Son olarak 7 Kasım 2016 tarihinde yine partimizin tartışıldığı bir programa, Parti Sözcümüz ve Kars Milletvekilimiz Sayın Ayhan Bilgen telefon bağlantısıyla katılarak cevap hakkını kullanmak istemiş, CNN Türk yöneticileri başvuruyu "telefon bağlantısı almıyoruz" şeklinde yanıtlamışlardır. Ancak aynı programın ilerleyen dakikalarında, bir AKP milletvekili telefon ile canlı yayına bağlanarak cevap hakkını kullanmıştır. Bu tür sayısız örnek vardır.
"Basın ilkelerine aykırı bu uygulamalar CNN markası altında yapılmaktadır"
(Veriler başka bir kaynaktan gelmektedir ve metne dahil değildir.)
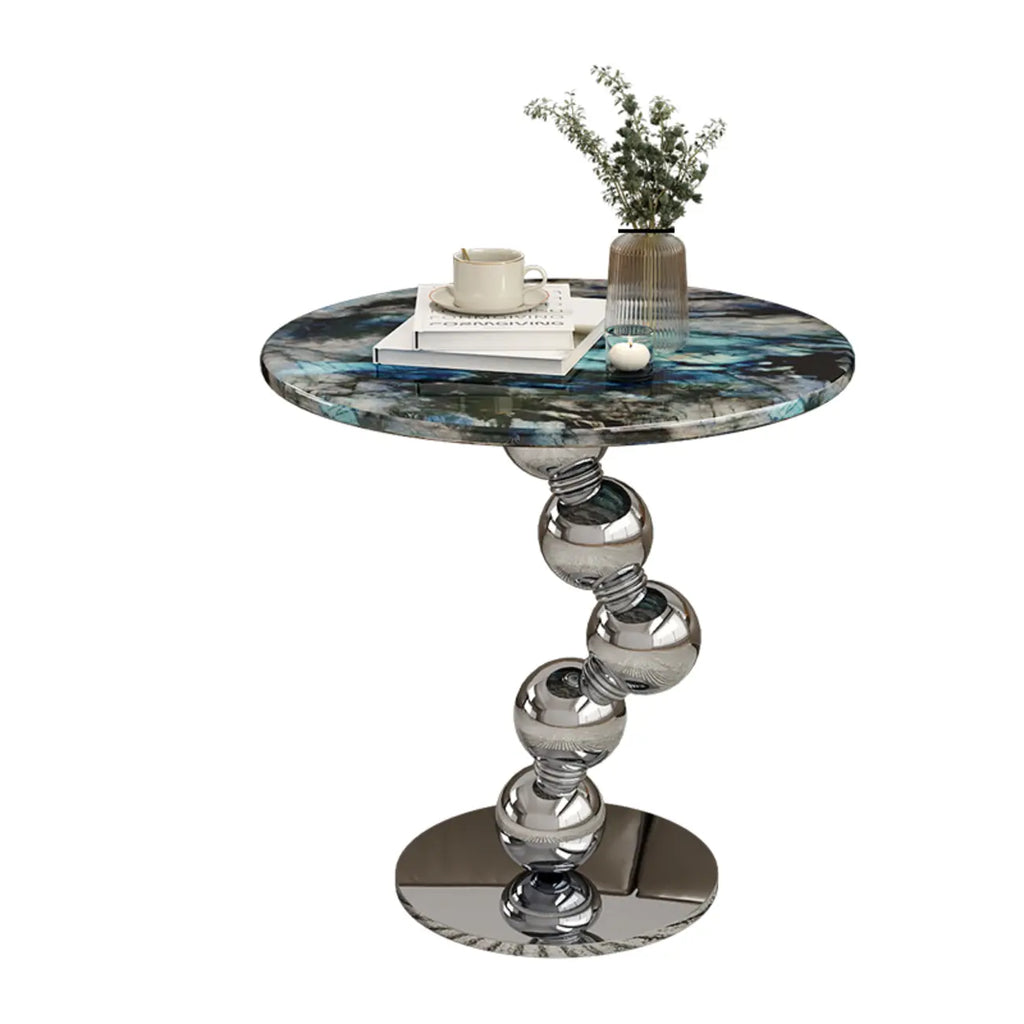 Table d'appoint ronde contemporaine avec plateau en marbre et piètement en métal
"CNN Türk TV Kanalı’nda yaşanan evrensel basın ilkelerine aykırı tüm bu uygulamalar, sizin de kurumsal kimliğiniz altında, yani CNN markasıyla yapılmaktadır. Habercilik alanında dünya çapında haklı bir isme sahip kurumunuzun yetkililerine sormak istiyoruz: Evrensel basın etik ilkelerinin açıkça çiğnendiğinden haberdar mısınız? Haberdar iseniz, bu uygulamaları onaylıyor musunuz? Bu tür bir anlayışı siz yayın yaptığınız uluslararası veya ulusal diğer yayınlarınızda uyguluyor musunuz?
"Sizlerden ricamız, sizin adınızla yayıncılık yapan CNN Türk'ün evrensel basın etiği, özgürlüğü ve ilkeleri ile bağdaşmayan bu çizgisi hakkında düşündüklerinizi bizlere ve kamuoyuna açıklamanızdır.
"Saygılarımızı sunar, iyi çalışmalar dileriz."